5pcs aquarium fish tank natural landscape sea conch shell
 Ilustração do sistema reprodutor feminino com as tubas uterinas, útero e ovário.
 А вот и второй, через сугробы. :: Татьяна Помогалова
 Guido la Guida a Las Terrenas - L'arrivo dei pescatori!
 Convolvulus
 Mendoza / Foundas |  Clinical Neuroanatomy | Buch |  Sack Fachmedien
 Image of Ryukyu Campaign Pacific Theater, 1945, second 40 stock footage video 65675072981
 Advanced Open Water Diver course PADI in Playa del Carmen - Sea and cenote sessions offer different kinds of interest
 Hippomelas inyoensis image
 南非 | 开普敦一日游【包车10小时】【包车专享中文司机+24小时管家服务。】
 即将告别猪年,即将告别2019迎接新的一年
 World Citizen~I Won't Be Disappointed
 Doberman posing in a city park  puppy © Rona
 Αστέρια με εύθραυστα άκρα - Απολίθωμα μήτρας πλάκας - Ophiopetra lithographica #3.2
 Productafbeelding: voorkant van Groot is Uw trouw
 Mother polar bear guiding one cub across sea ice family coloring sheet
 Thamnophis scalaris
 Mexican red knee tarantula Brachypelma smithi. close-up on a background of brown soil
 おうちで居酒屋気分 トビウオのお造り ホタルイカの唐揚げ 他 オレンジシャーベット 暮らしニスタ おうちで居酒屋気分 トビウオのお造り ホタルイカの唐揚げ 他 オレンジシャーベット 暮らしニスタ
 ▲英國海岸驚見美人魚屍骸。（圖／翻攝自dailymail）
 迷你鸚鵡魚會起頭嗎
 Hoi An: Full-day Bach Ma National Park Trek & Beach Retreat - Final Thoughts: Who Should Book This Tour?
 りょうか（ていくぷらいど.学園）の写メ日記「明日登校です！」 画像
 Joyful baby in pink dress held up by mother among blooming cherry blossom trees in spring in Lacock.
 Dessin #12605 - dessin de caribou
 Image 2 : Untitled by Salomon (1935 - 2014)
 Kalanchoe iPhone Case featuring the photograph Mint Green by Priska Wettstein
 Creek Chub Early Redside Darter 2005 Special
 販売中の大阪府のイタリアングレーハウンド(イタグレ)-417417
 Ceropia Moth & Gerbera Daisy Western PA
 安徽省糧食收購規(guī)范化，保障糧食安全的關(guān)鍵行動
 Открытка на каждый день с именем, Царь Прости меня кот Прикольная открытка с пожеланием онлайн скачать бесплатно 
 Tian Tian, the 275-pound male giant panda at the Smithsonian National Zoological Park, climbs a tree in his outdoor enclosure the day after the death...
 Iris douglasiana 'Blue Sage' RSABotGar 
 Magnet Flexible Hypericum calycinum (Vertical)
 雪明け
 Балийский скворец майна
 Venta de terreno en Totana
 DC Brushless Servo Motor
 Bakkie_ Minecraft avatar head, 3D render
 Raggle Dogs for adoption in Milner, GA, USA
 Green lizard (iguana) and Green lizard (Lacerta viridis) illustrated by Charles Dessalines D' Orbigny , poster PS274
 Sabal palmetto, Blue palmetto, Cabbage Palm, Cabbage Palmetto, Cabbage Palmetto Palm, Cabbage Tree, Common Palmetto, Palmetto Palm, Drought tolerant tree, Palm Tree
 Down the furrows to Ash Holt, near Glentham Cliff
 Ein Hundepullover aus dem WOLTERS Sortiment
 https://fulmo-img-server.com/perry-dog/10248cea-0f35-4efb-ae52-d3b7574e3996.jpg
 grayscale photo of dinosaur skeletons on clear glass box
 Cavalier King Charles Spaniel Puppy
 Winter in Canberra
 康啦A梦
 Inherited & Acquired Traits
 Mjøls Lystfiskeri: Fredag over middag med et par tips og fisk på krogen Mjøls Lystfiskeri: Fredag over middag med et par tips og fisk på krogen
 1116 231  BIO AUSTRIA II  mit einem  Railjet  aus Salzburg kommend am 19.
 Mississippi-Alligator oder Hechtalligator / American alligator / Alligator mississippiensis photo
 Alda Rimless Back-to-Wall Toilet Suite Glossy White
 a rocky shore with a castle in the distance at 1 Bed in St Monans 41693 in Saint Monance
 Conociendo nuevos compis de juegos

Assignment -
Copy each line of the listing above that includes the word "Charles".

Problem solution -
 Green lizard (iguana) and Green lizard (Lacerta viridis) illustrated by Charles Dessalines D' Orbigny , poster PS274
 Cavalier King Charles Spaniel Puppy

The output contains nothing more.